Let’s build a file encrypter with Python

Today we’re going to take a bit of a detour from web development and head more towards the realm of software development, while dunking our toes into the world of intrigue that is cryptography and information security. I used a lot of buzzwords there but do not be alarmed! I intend this tutorial to be accessible to all programming levels, however having prior knowledge of Python or another object oriented programming language, and knowing your way around the command line, will make it a lot easier to follow along. Even if this sounds all over your head, I encourage you to continue reading. There is no better way to learn than to tackle a hard problem, deconstruct it, and identify the what you know and what you don’t know. If my computer science degree taught me anything, it’s that Google is my best friend. With that being said, let’s get this started!

Encryption

Let’s start by defining a key concept here: encryption. Encryption is the process of altering information or data into a form that is unrecognizable from its original state. It needs to be a reversible process (called decryption) and should make it hard for unauthorized parties to obtain the information you are encrypting. Encryption algorithms take an input, referred to as plaintext, which is the data you want to encrypt, and outputs ciphertext, which should look like a garbled up mess if everything was successful.

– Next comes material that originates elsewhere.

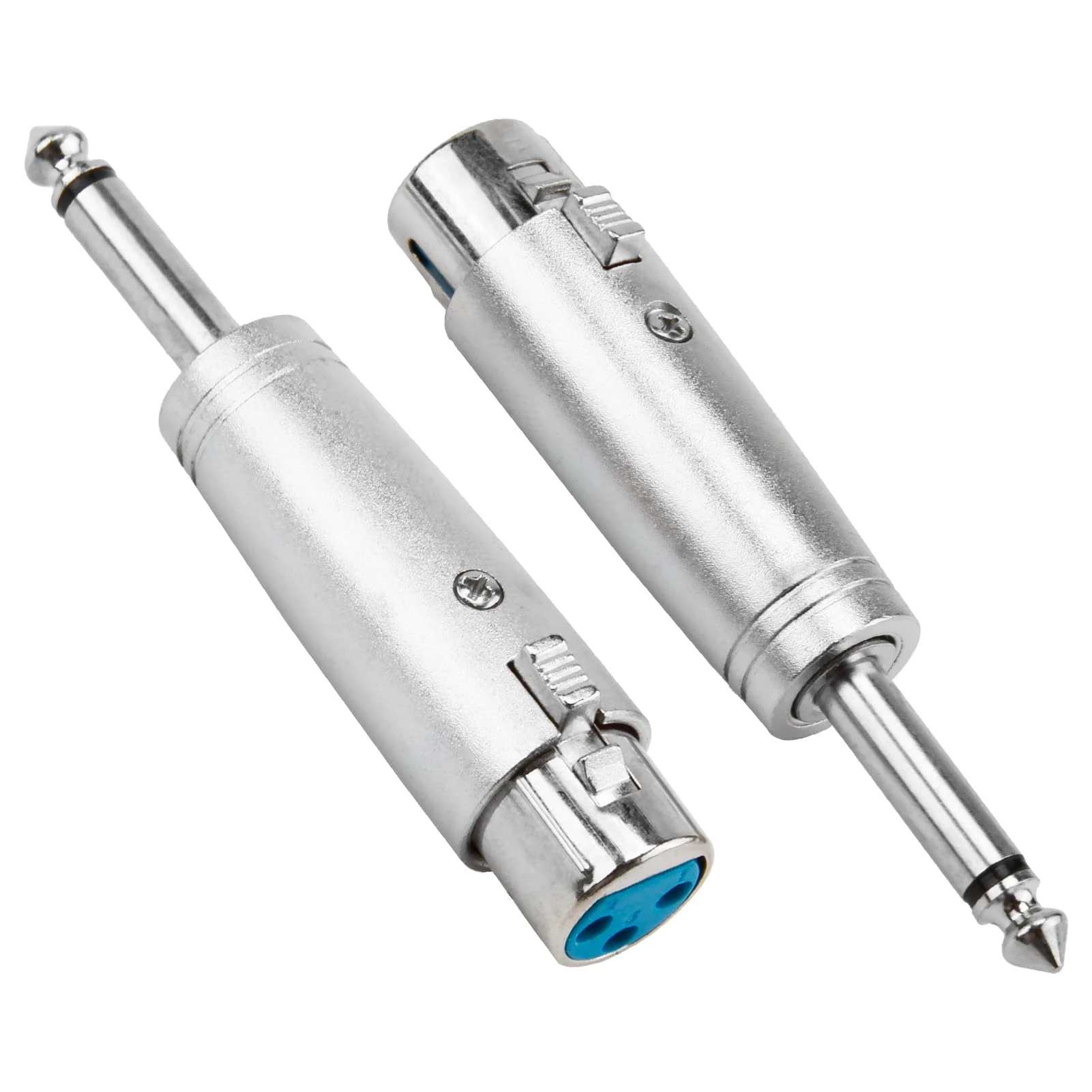 2PCS XLR Female to Jack Adapter 6.35mm 1/4 Inch Mono TRS Cable Male Plug Gender Changer to 3 Pin XLR Female Jack Stereo Audio Microphone Converter Connector for Mixers Speakers Studio Monitors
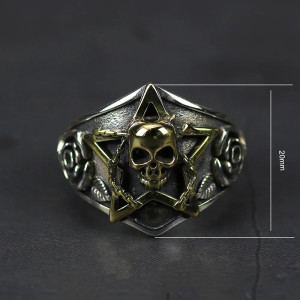 Dimensions Bague Tête de Mort "Étoile Enchaînée" - en Argent  Sterling 925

All algorithms use a key which is just a long string of bits (1’s and 0’s) to handle encryption and decryption. This key works similarly to a physical key in real life. Just like your house key locks and unlocks your door, an encryption key locks and unlocks data. There are many kinds of encryption algorithms out there that use different sized keys. Typically the larger the key size is, the harder the encryption is for someone to break or hack. Check out this video about encryption that does a way better job of explaining how it works, without going too in depth.

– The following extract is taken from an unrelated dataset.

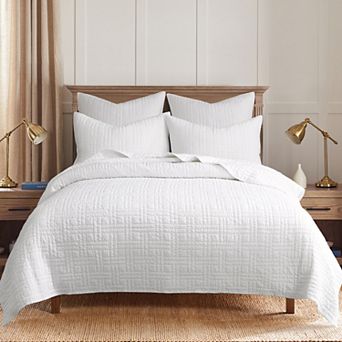 Levtex Home Melange Stitch Natural Quilt Set or Euro Sham Set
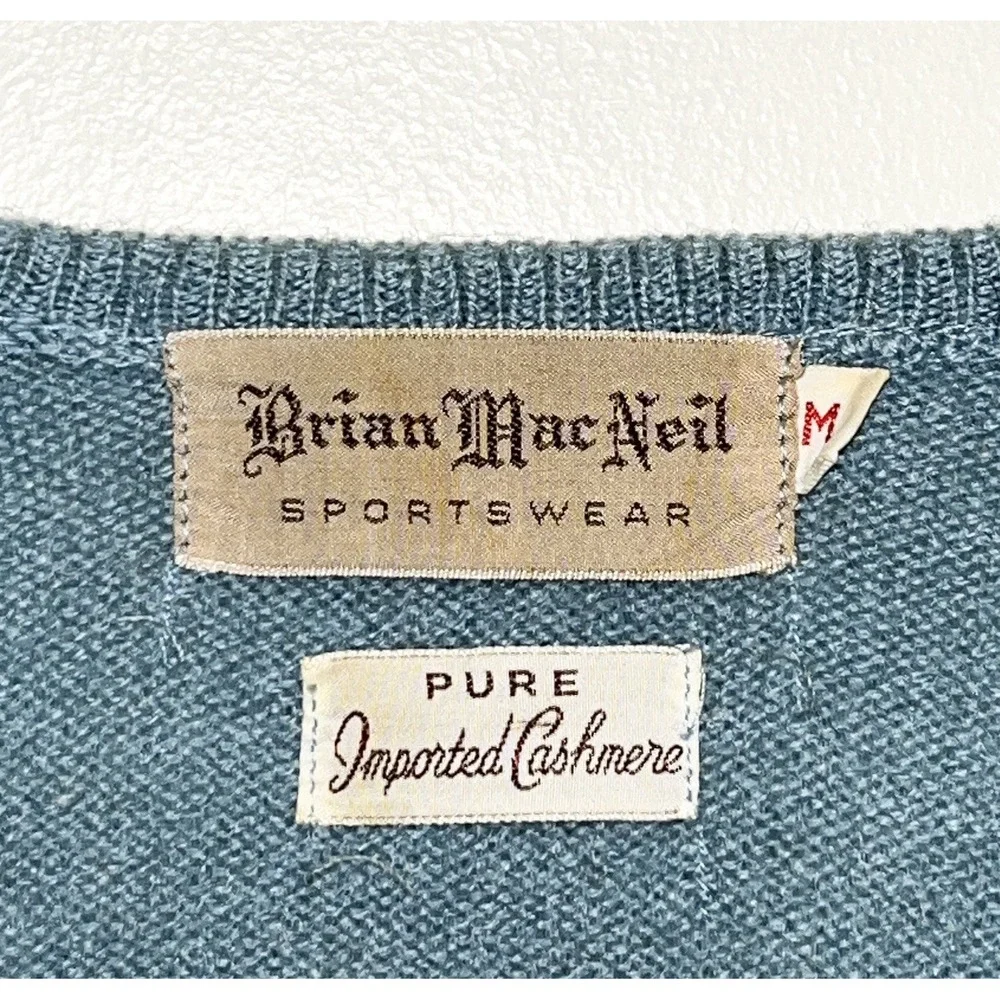 Vintage Brian MacNeil Cashmere Sweater‎ Men's Medium Mint Green Quiet Luxury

The encryption algorithm we’ll be using today is called AES. It stands for Advanced Encryption Standard and was adopted by the U. S. government in 2001 as the standard to encrypt electronic data. We’ll be encrypting with a 256-bit key derived with PBKDF2, which stands for Password-Based Key Derivation Function. There is a lot of jargon in that sentence, but simply put we will be using a commonly used encryption technique with a key we create with a password that we set.

What you’ll need

In this tutorial we will be coding in Python 3 and using the Pycryptodome library. Pycryptodome is a Python package that implements a lot of different cryptographic functions. This is awesome because we get to play around with a bunch of different encryption algorithms and tools without having to code them from scratch.

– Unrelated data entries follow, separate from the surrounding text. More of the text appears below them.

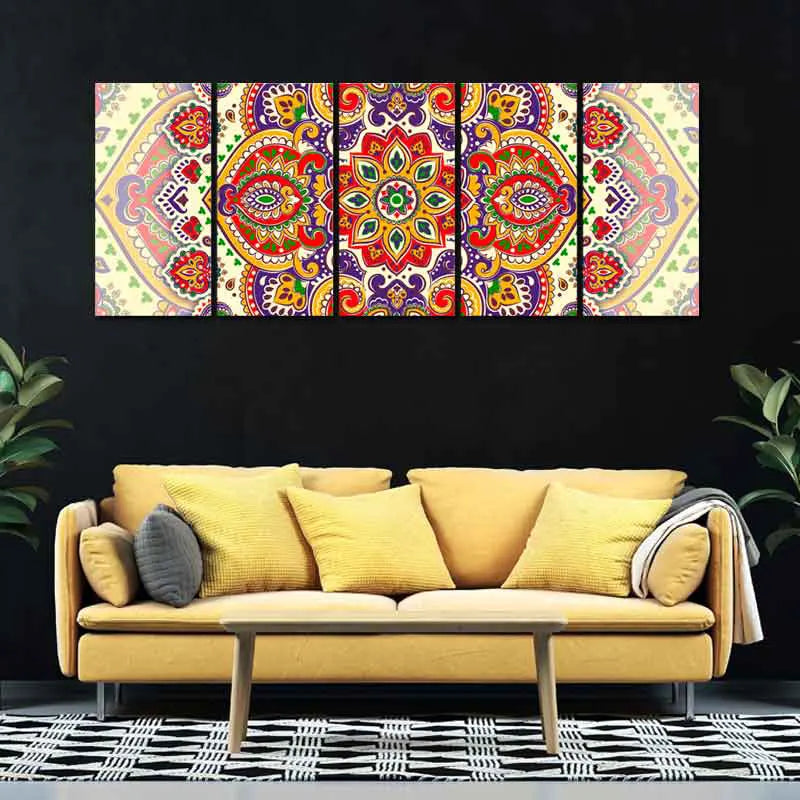 Tableau sur toile d'un Mandala Tibétain en 5 panneaux - TabloDéco.fr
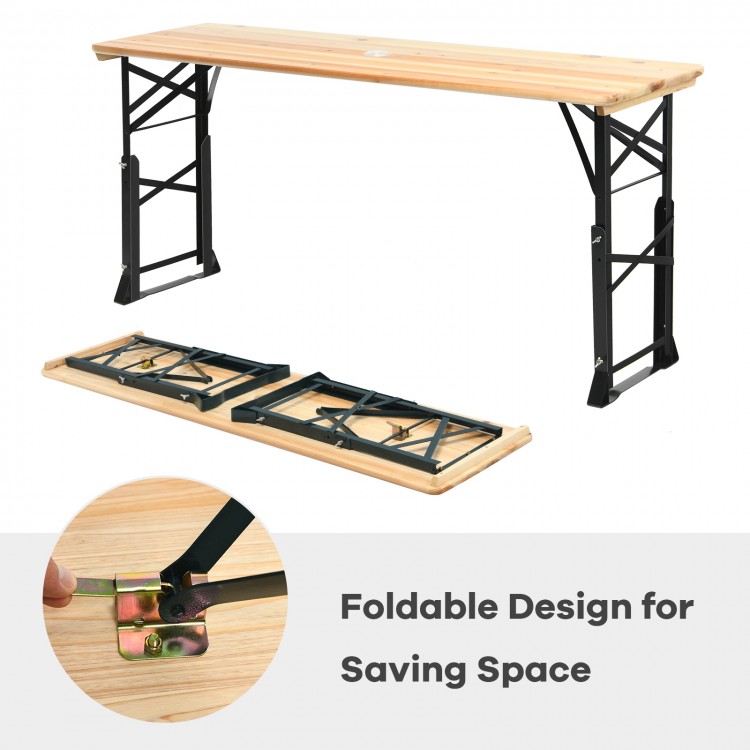 66.5-inch outdoor wood folding picnic table with adjustable heights, featuring a sturdy design for camping and parties.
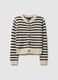 Multicolour striped cardigan in pure cotton regular fit with buttons_0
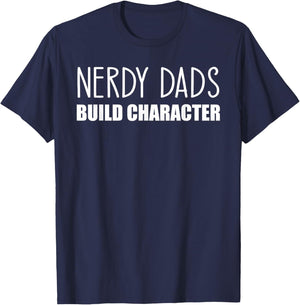 Nerdy Dads Build Character RPG Dice Father Humor T-Shirt - T-Shirt | Navy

You are going to need to have Python installed on your computer and any text editor you are comfortable using. If you are on Windows 10 and need help getting set up, follow this Guide that will take you through installing the Windows Subsystem for Linux (WSL) and get you up and running with python. Just complete up through the “Run a simple Python program” section. The Windows Subsystem for Linux (WSL) is a relatively new Windows 10 feature that allows you to run Linux programs natively in a Windows version of the Bash shell. When you install it you get an awesome Ubuntu-based command line terminal where you can do all your development. I recommend doing this tutorial with WSL since it’s what I developed this program in and because I believe it’s a really good way to start easing yourself into the Linux ecosystem, which is important to learn if you want to get into web or software development.

Mac Users

macOS should come with python 2.7 out of the box. We can install python 3 using Homebrew, Mac’s package manager. If you don’t have Homebrew installed on your machine, open up your terminal and run:

/usr/bin/ruby -e "$(curl -fsSL https://raw.githubusercontent.com/Homebrew/install/master/install)"

That should get Homebrew installed. Now let’s use it to get Python 3. In the terminal run:

brew install python3

This will tell Homebrew to grab the latest version of python and you should be good to go on with the rest of the tutorial.

Once you have your development environment ready to go, type the following into your command prompt and hit enter:

pip3 install pycryptodome

This command invokes pip, the python package manager, and tells it to go search for and install pycryptodome and any dependencies so we can start coding some awesome encryption scripts. Once pip finishes installation we will be ready to start.

Now, with your text editor of choice, let’s create a new file. I named mine crypto.py.

The encryption functions

Below, I’m going to start defining some functions for our encryption, then I’ll explain what they do line-by-line.

from Crypto.Cipher import AES
from Crypto import Random
from Crypto.Protocol.KDF import PBKDF2
import os

def encrypt(text, key):
    pad = lambda s: s + b"\0" * (AES.block_size - len(s) % AES.block_size)
    text = pad(text)
    initialization = Random.new().read(16)
    cipher = AES.new(key, AES.MODE_CBC, initialization)
    return initialization + cipher.encrypt(text)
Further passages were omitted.